The Institute of Medicine, part of the National Academies which provide advice on science, engineering and medicine, also recommended that the food industry work with health officials and consumer groups to develop a food rating system.

Other recommendations included expanding the scope of the Children's Advertising Review Unit, the industry group created to monitor ads directed at kids, to include Internet and wireless phone advertising, as well as product placements.

"Current food and beverage marketing practices put kids' long-term health at risk," said Michael McGinnis, an Institute of Medicine senior scholar. "If America's children and youth are to develop eating habits that help them avoid early onset of diet-related chronic diseases, they have to reduce their intake of high-calorie, low-nutrient snacks, fast foods and sweetened drinks, which make up a high proportion of the products marketed to kids."

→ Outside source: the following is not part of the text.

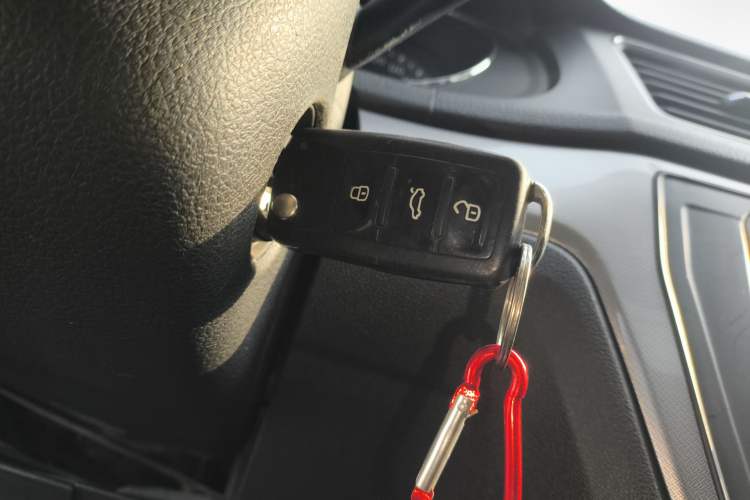 Used Volkswagen Lavida 2015 1.6L Manual Comfort Edition
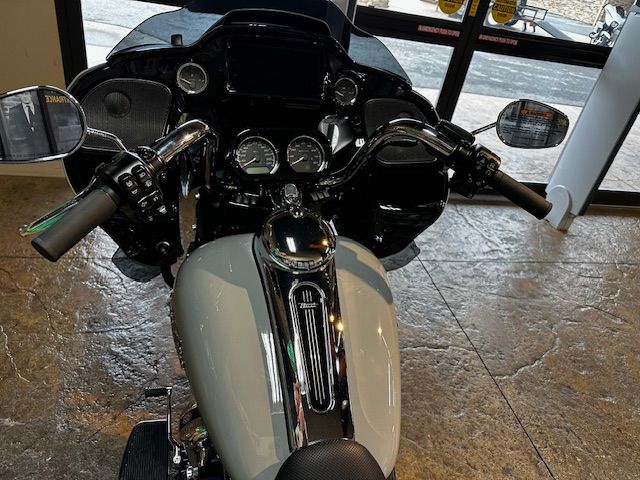 2024 Harley-Davidson Road Glide® 3 in Morgantown, West Virginia - Photo 13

Advertising lobbyist groups reacted to the report with dismay. Wally Snyder, president and CEO of the American Advertising Federation, called the survey's findings disconcerting. "The advertising industry is keenly aware of the dangers of childhood obesity and has been engaged in finding genuine solutions to this problem for some time," Snyder said. "There seems to be little recognition in the IOM report of what the industry has been accomplishing." Snyder said food companies have been promoting healthier products and more active lifestyles for children.

But consumer groups welcomed the report's conclusions. "It's time for Congress to put our children's health ahead of food industry profits," said Gary Ruskin, executive director of Commercial Alert, an organization that seeks to reduce the amount of advertising in American life. "Congress should swiftly expel junk food from public schools, require disclosure of product placement in all media, and eliminate the federal tax deduction for food advertising to children."